In any case the first song is about how I am working to not repeat old mistakes, to learn from the past. Last night I had a discussion, if you can call it that, with a dear friend who is hurting. We’ve known each other for nearly 20 years now, and perhaps he is close enough to me, trusts me enough, to just lay bare his feelings at his worst. I had hurt him inadvertently, and when I explained the misunderstanding, it seemed to help.
But really, there is so much more he is battling. And he was, I think, mostly latching on to some tangible reason to be angry. Not that there might not be other justified reasons to lash out at me, but he has been physically ill, and often in pain for some time, and that takes its toll on the mind and the spirit. I am trying to not take it personally, but I do want to learn and make sure that I take actions to prevent such a misunderstanding from happening again.
The final song is a cover of an old Elvis Presley tune.
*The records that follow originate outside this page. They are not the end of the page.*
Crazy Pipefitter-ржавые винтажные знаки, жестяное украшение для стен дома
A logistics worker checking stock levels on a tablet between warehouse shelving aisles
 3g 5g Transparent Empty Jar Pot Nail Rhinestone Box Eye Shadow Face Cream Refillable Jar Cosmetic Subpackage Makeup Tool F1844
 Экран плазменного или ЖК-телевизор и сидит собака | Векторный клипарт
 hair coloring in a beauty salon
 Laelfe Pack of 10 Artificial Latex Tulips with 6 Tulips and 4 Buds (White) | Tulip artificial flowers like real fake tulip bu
I first shared it here sometime last year in post with singer-storyteller Arlo Guthrie. It’s a song that my sons and I have sung together. The first time that a friend heard the mini-concert is when they were quite young. He and the four of us were crammed in one vehicle. When the we finished singing there was silence before my buddy let out his breath and said, “Wow.” It’s one of those tunes that can mean so much more than what it says, simply because you of sing it with someone else.
You might remember from previous music posts that I have a deep affection for bands with multiple traditional instruments. There is magic here. Have a good Monday, or at least don’t let it get to you. You are loved, and you are worth it.